Ora, não deixa de causar estranheza, e até repulsa, esta reivindicação
do JMN. Estranheza porque creio ser inédita esta regalia especial na maior parte
das democracias que o são de verdade, seja em regimes republicanos ou
monárquicos. Repulsa porque não é eticamente limpo que um político defenda um
estatuto visando retroactivamente o benefício da sua própria pessoa. Esta
infeliz iniciativa é mais uma prova de que a classe política em Cabo Verde
tarda em fazer da democracia um espelho límpido de virtudes. Para mais, esta
reivindicação pode criar precedentes perigosos e incontroláveis, caso a moda
pegue, suscitando a curiosidade de macacos de imitação. Vejamos então. A título
de exemplo, por que não também um estatuto especial para os presidentes de
câmara que cessam funções após dois mandatos cumpridos? Ou para os titulares de
órgãos de soberania como o Presidente da Assembleia Nacional e os dos Tribunais?

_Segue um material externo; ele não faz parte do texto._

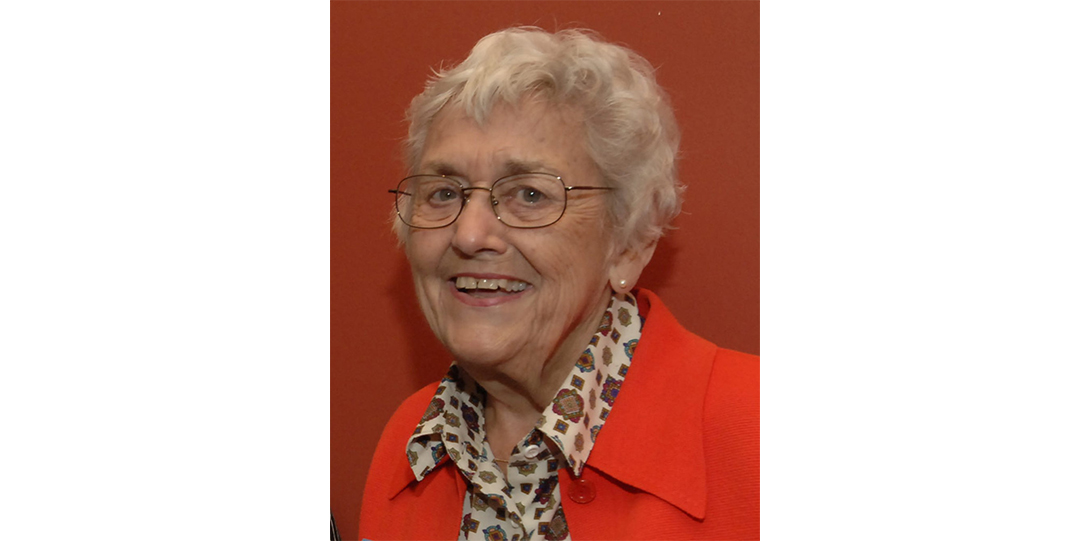A woman with glasses wearing a red top smiling at the camera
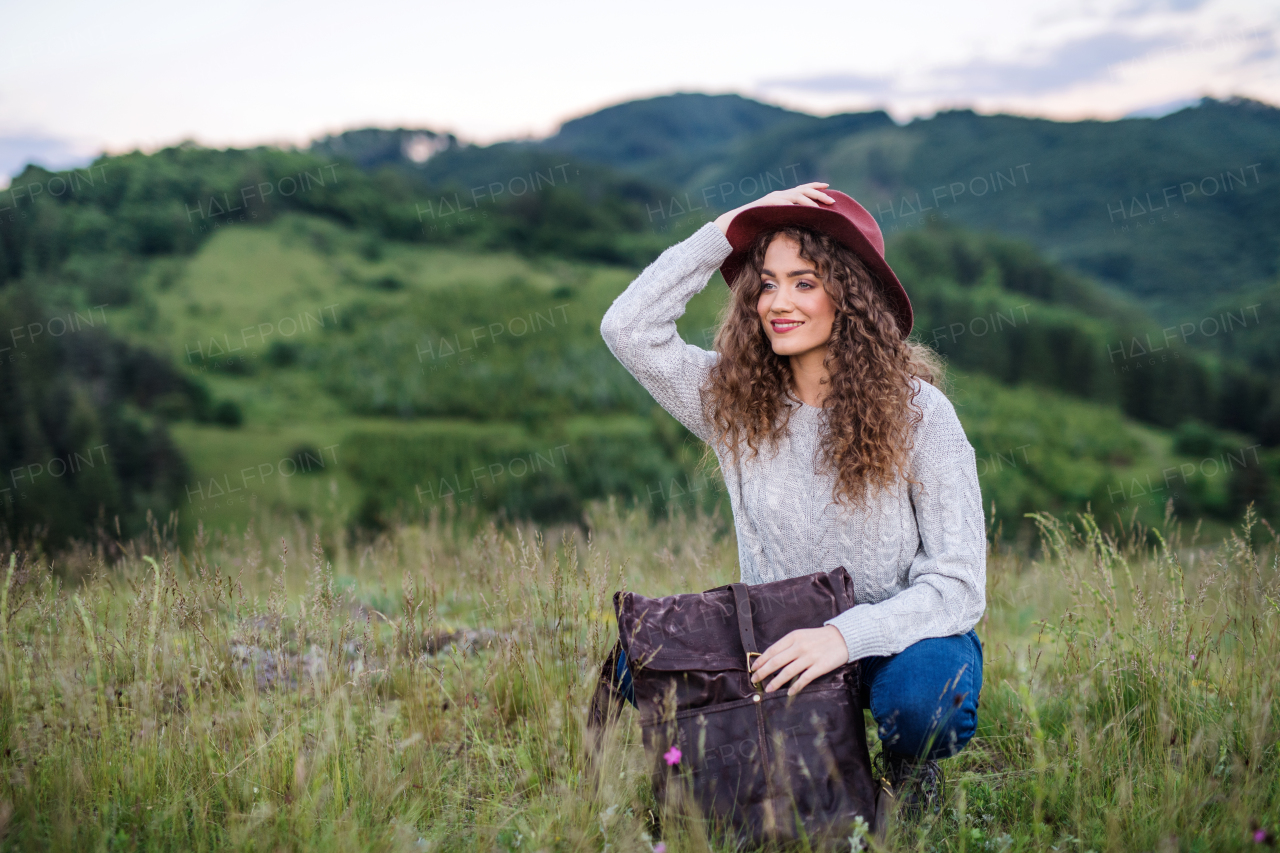 A young tourist woman traveller with backpack in nature, resting.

Não tardaria, os ex-ministros de cada pasta estariam também na mesma trincheira
reivindicativa. E assim, de estribilho em estribilho, veríamos surgir um
retábulo de privilégios não só injustificáveis como indignos, escarmentando as
nossas residuais esperanças numa sociedade cabo-verdiana mais justa e mais igualitária.
Note-se que até mesmo o estatuto especial de que gozam os ex-presidentes
da república pode ser questionado num país de tão escassos meios como o nosso.

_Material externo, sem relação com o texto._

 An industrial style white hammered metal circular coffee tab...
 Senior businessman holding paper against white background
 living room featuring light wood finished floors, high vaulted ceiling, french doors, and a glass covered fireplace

Admite-se, sim, que seja assegurado um quadro de dignidade pessoal e cívica a
quem exerceu a mais alta magistratura do Estado, mas sempre dimensionado à
realidade económica e social do país. Vem então à talhe de foice referir que os
antigos governadores coloniais, normalmente oficiais do exército ou da armada,
finda a missão, regressavam à sua anterior função orgânica na instituição
militar ou outra. Não recebiam qualquer recompensa vitalícia pelos serviços que
prestaram. Muitos deles marcaram indelevelmente a nossa memória colectiva pelo
alto espírito de missão e recta seriedade com que defenderam os interesses do
território e do seu povo, independentemente do regime político em que exerceram
as suas funções. Afinal, ambos os cargos, embora diferentes no seu significado
político, correspondiam ao cume da hierarquia do Estado em Cabo Verde e tinham o
mesmo pano de fundo humano-geográfico.
Mas a saga dos estatutos especiais entre nós tem que se lhe diga. Uma
das primeiras medidas do actual governo, logo na sua primeira intervenção
parlamentar, foi lançar as bases de um entendimento com o principal partido da
oposição para a aprovação de um Estatuto
Especial Administrativo para a cidade da Praia. Foi a prioridade das
prioridades numa altura em que a sociedade cabo-verdiana estava expectante de
um sinal, ténue que fosse, no sentido do cumprimento das promessas apregoadas
durante a campanha eleitoral, nomeadamente sobre a regionalização, uma vez que
este processo fora bandeira habilmente agitada em S. Vicente para conquistar o
eleitorado local. Ocorre pensar que se em Cabo Verde houvesse uma cidadania
activa, dinâmica e exigente, a atribuição deste estatuto à cidade da Praia poderia
forçar a abertura de uma espécie de Caixa de Pandora. Sim, por que não reivindicar
também um estatuto especial para a Ilha do Vulcão, sujeita a cataclismos
frequentes, para a Ilha das Montanhas, rica de potencialidades por explorar, ou
para a Baía do Porto Grande, congelada na exploração das suas vocações? Se a
cidade da Praia apresenta graves situações de disfuncionalidade estrutural, de
caos urbanístico ou de delinquência e criminalidade incontroláveis, é porque a
política centralista e concentracionária do Estado conduziu inexoravelmente a
esse resultado. Ocorre assim pensar que se fez o mal e agora se pretende fazer a
caramunha. É que esse estatuto especial traduz-se, basicamente, em mais
dinheiros públicos e vantagens para a cidade capital, quando, ao invés, deveria
atacar-se o mal pela raiz mediante o descongestionamento da urbe com a deslocalização
para outras ilhas de parte dos organismos estatais que esmagam a cidade com o seu
peso inusitado. Bem poderiam os nossos governantes ter observado a relação
paritária entre S. Miguel e Angra do Heroísmo, na região autónoma dos Açores,
ou entre Las Palmas e Santa Cruz de Tenerife, na das Canárias.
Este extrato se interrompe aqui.